Au-delà des projets vedettes, le gouvernement est occupé à une véritable transformation non seulement du régime, mais de la société. Entre autres projets, sont dans les tuyaux la limitation du financement étranger des organisations de défense des droits de l’Homme (suspendu en mai sous pressions internationales), la peine de mort pour les personnes inculpées de terrorisme, l’institutionnalisation de la discrimination commerciale contre les homosexuels au nom de l’opinion religieuse, un traitement encore plus discriminatoire des réfugiés, un contrôle gouvernemental plus étroit sur les médias audiovisuels, le renforcement des pouvoirs de la police, et de ceux des tribunaux rabbiniques dans le droit de la famille (ce qui irait, aussi, contre les droits des femmes), et la séparation des hommes et des femmes dans certains espaces publics. Certains employés des transports ont anticipé sur cette misogynie d’État en demandant à des femmes de s’asseoir à part, voire de couvrir un corps trop visible à leur goût.

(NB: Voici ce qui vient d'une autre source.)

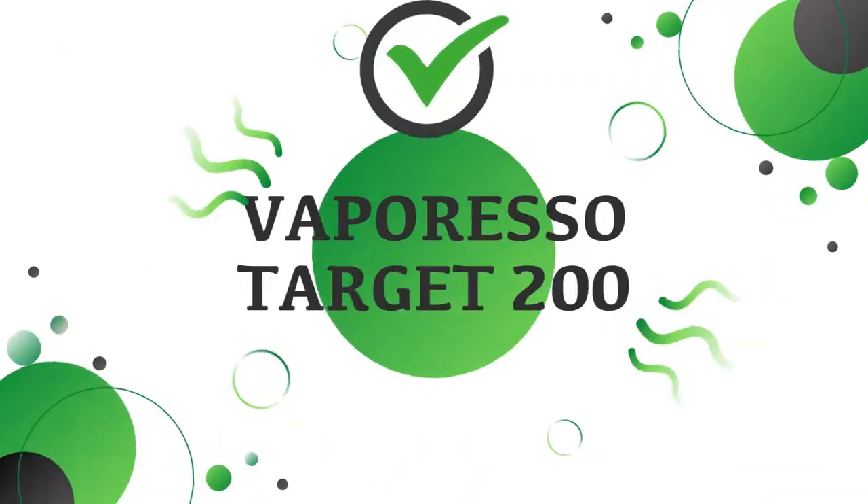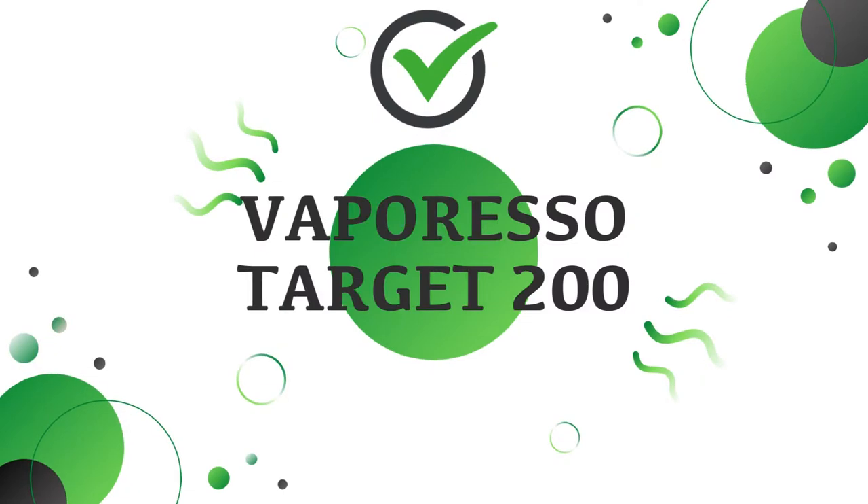Third on this list is a mod that only came out a month and a half ago at the time of filming, and that is the Vaporesso Target 200. I believe this came top of my list for top 8 mods of 2022 and that's why it gets onto this list. It is a fantastic dual battery device with a 220 watt maximum output. The best feature in my opinion is the pulse mode, which fires the device every 0.2 of a second. It's also quite small for a dual battery mod — amazing that they've managed to fit such a good chipset in such a small space.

Enfin, les colons et leurs partisans veulent faire avancer l’incorporation de la Judée-Samarie (nom biblique de la Cisjordanie) à Israël, avec ou sans annexion officielle, et installer le pouvoir des juifs sur l’ensemble Israël-Palestine. Désormais soutenus par le gouvernement, les colons extrémistes se sentent plus libres que jamais d’agresser les Palestiniens : dans les six premiers mois de 2023, 680 incidents ont été recensés (parmi lesquels des jets de pierres, occupations de pâturages, voitures ou oliviers brûlés) contre 950 pour la totalité de l’année 2022. Le 4 août, dans une « descente » de colons sur un village près de Ramallah, un Palestinien est tué par balles. Itamar Ben Gvir a soutenu publiquement les assassins : « Quiconque se défend contre les lanceurs de pierre devrait recevoir une médaille ». D’autres ministres ont rendu au principal suspect une visite de solidarité que la police a toute de suite autorisée. En février déjà, après une autre attaque contre un village palestinien, officiellement en « représailles » contre le meurtre de deux colons, Betsalel Smotrich avait souhaité que le village concerné soit rayé de la carte.
Les Israéliens juifs aiment décrire leur pays comme « juif et démocratique ». Une célèbre juriste, feu Ruth Gavison, ancienne présidente de l’association pour les droits civils en Israël, aimait dire que la formule était un oxymore : vraiment démocratique, l’État n’aurait plus rien de juif. Tout à fait juif, le pays ne serait plus du tout démocratique : son droit serait religieux, les juifs souhaitant un État laïc perdraient la partie, et le statut inférieur de la minorité palestinienne serait tout à fait officiel, y compris en Israël proprement dit. C’est bien ce qui se dessine.
Révoltés : démocrates, anticléricaux, libéraux ?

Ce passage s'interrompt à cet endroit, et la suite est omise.